▶ _Information supplied_:
* * * *

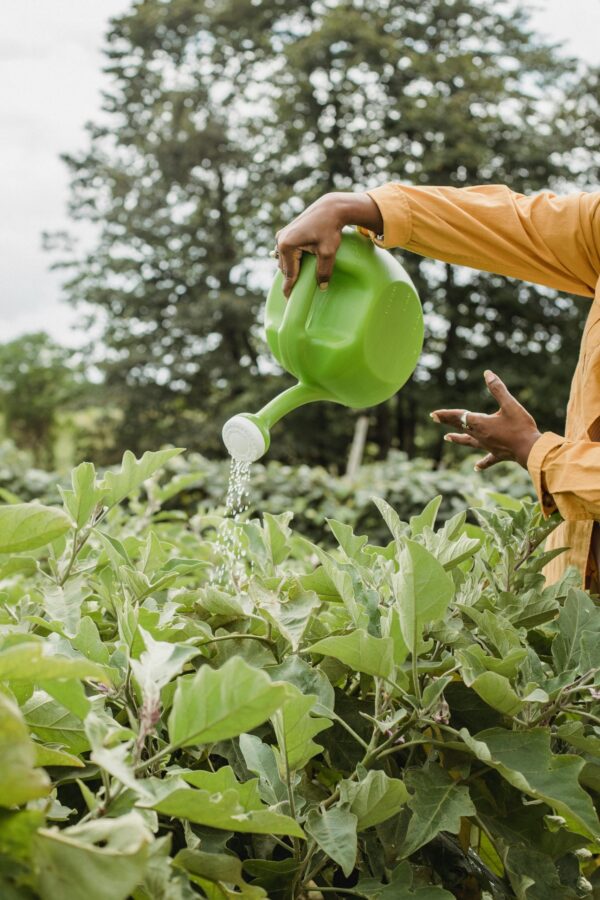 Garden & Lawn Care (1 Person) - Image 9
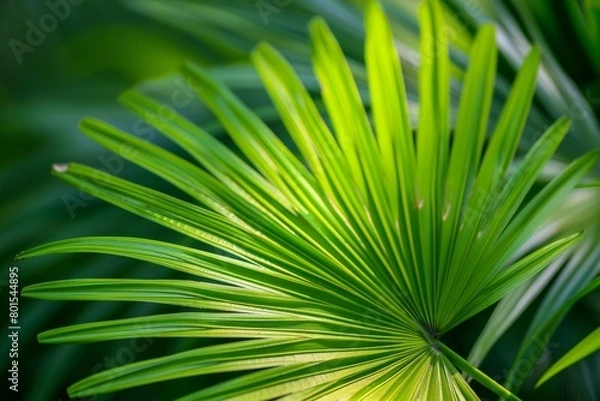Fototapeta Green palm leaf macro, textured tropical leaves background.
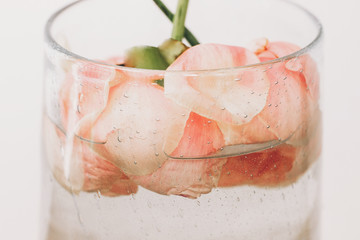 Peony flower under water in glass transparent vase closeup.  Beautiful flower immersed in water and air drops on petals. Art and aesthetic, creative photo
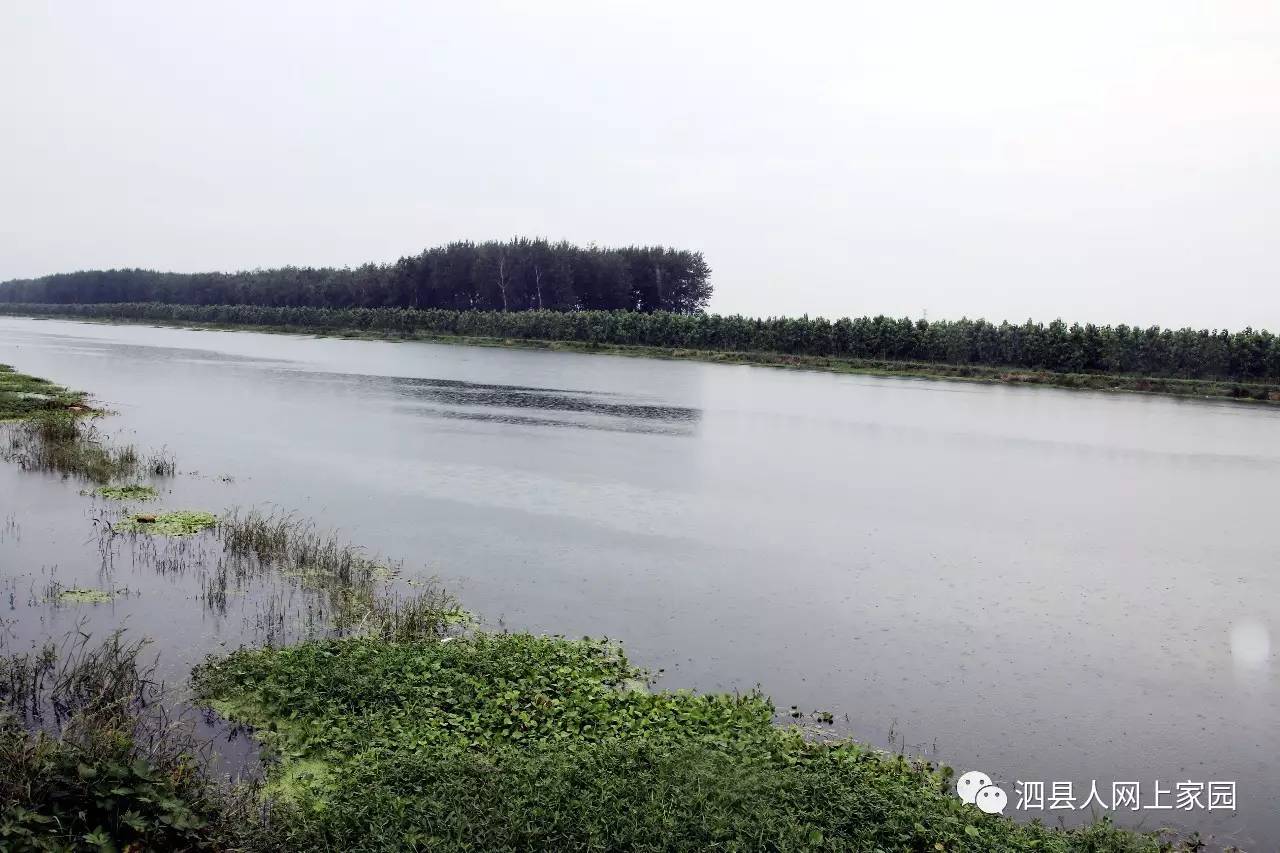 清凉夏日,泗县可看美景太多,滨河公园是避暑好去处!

* * * *

▶ _Work required_: Only the lines from the line holding "Peony flower under" through the last line above belong in the answer, repeated exactly; the pictures do not.

▶ _The answer_:
 Peony flower under water in glass transparent vase closeup.  Beautiful flower immersed in water and air drops on petals. Art and aesthetic, creative photo
 清凉夏日,泗县可看美景太多,滨河公园是避暑好去处!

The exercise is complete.